A verbatim copy of the records below, pictures omitted, is the task.

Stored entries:
+ + + + +

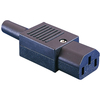 Bulgin PX0587 IEC Plug Screw Terminals 250V 10A Rewireable Straigh...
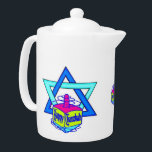 Hanukkah Star van David Theepot<br><div class="desc"></div>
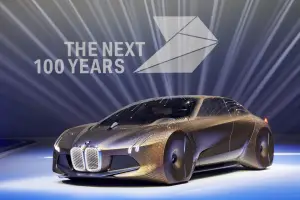 BMW Vision Next 100 Concept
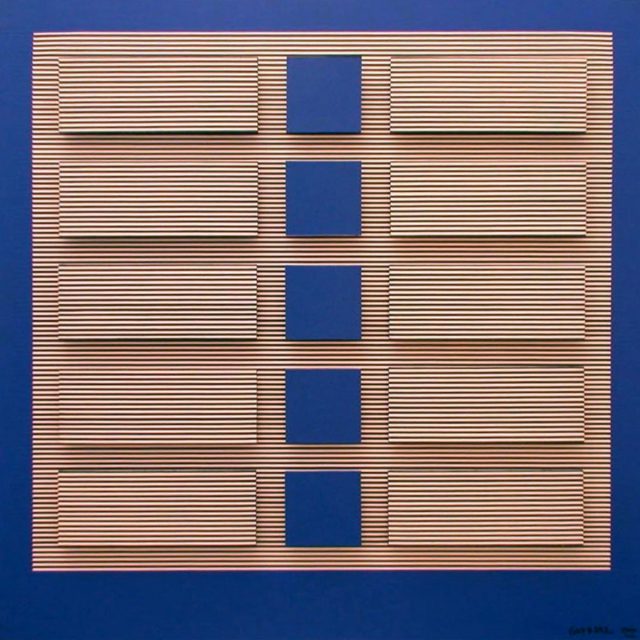 CIN-017-Cinétique-bleu-et-noir-Acrylique-sur-bois-et-carton-marouflé-Collection-privée-80-x-80-cm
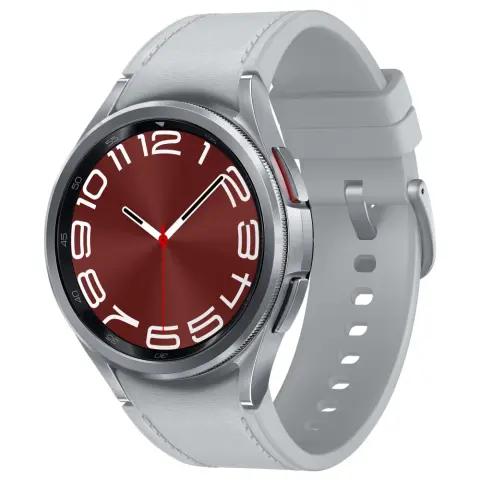 SAMSUNG SM-R950N Galaxy Watch6 Classic Bluetooth 43mm ezüst EU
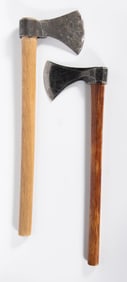 Group of Two 20th Century Hatchets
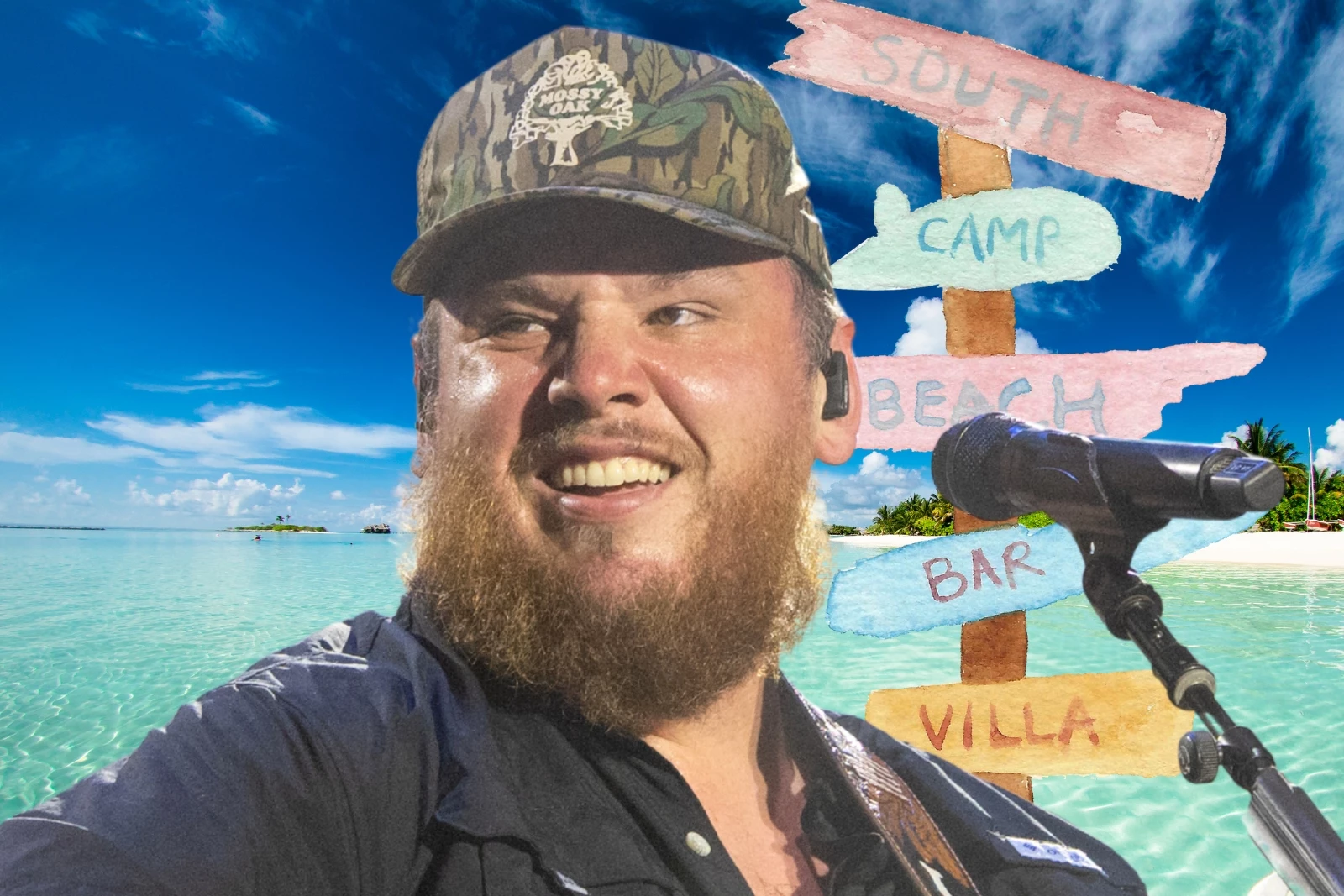 Luke Combs’ Buddies Challenged Him to Do This on Stage + He Did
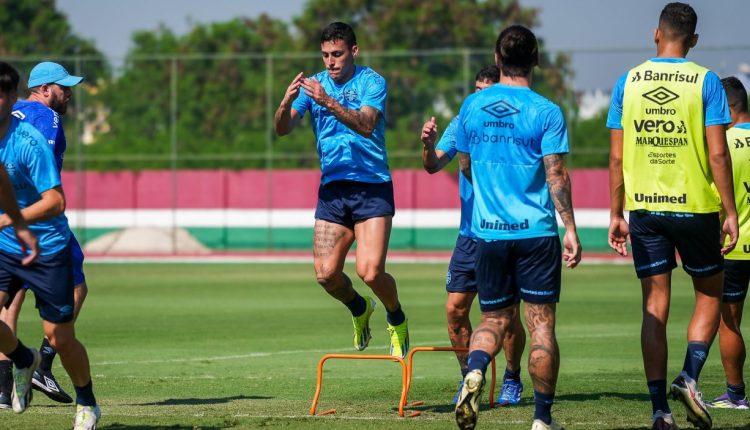 Grêmio visita o Flamengo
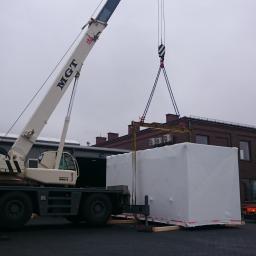 Zapewniamy trawers 15/25T do 5,50m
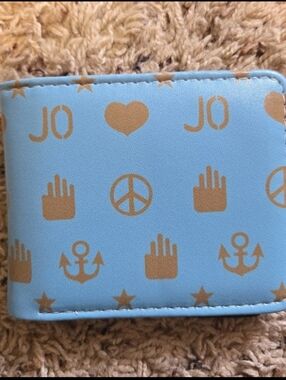 New jojos bizarre adventure anime manga leather wallet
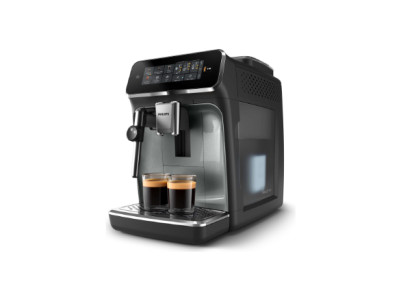 Philips Coffee Maker | EP3329/70 Series 3300 | Pump pressure 15 bar | Built-in milk frother | Fully Automatic | 1500 W | Black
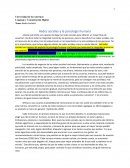 Redes sociales y la psicología humana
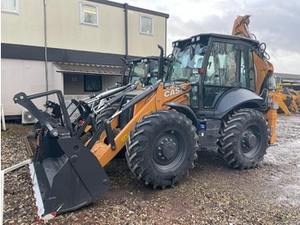 Top Deal sur pour Case 695SV Nouvelle chargeuse-pelleteuse avec moteur Dooosan Type de chargeur frontal Core Components Engine - Product Image 4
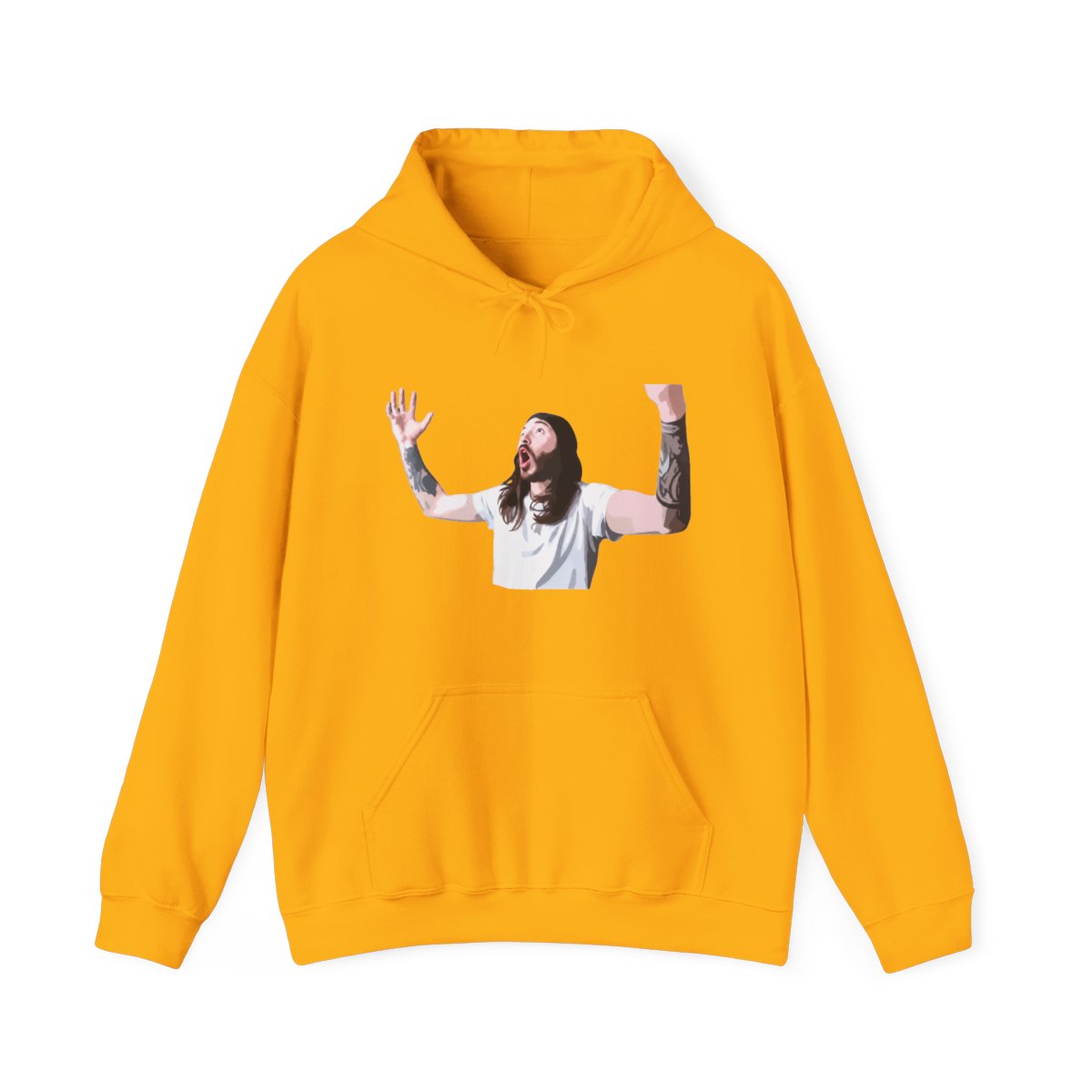 MoistCr1TiKaL Drawing Design Hoodie - alternate angle 2, merchandise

+ + + + +

**Written answer**
 Bulgin PX0587 IEC Plug Screw Terminals 250V 10A Rewireable Straigh...
 Hanukkah Star van David Theepot<br><div class="desc"></div>
 BMW Vision Next 100 Concept
 CIN-017-Cinétique-bleu-et-noir-Acrylique-sur-bois-et-carton-marouflé-Collection-privée-80-x-80-cm
 SAMSUNG SM-R950N Galaxy Watch6 Classic Bluetooth 43mm ezüst EU
 Group of Two 20th Century Hatchets
 Luke Combs’ Buddies Challenged Him to Do This on Stage + He Did
 Grêmio visita o Flamengo
 Zapewniamy trawers 15/25T do 5,50m
 New jojos bizarre adventure anime manga leather wallet
 Philips Coffee Maker | EP3329/70 Series 3300 | Pump pressure 15 bar | Built-in milk frother | Fully Automatic | 1500 W | Black
 Redes sociales y la psicología humana
 Top Deal sur pour Case 695SV Nouvelle chargeuse-pelleteuse avec moteur Dooosan Type de chargeur frontal Core Components Engine - Product Image 4
 MoistCr1TiKaL Drawing Design Hoodie - alternate angle 2, merchandise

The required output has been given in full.